[Your instructions] Begin at the line containing "X0000116861261200912221131" in the data below and go on through the line containing "San Jose: Yosemite", repeating each line exactly; include both ends and no other line.

[Records shown]
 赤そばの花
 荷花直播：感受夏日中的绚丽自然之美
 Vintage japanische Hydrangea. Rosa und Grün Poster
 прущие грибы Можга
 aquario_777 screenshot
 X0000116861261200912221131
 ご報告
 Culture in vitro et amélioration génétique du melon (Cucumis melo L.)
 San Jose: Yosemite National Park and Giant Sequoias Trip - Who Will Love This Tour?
* * *
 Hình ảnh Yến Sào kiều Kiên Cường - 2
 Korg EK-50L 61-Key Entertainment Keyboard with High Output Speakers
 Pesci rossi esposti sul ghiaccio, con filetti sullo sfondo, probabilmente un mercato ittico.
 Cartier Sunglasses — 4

[Problem solution]
 X0000116861261200912221131
 ご報告
 Culture in vitro et amélioration génétique du melon (Cucumis melo L.)
 San Jose: Yosemite National Park and Giant Sequoias Trip - Who Will Love This Tour?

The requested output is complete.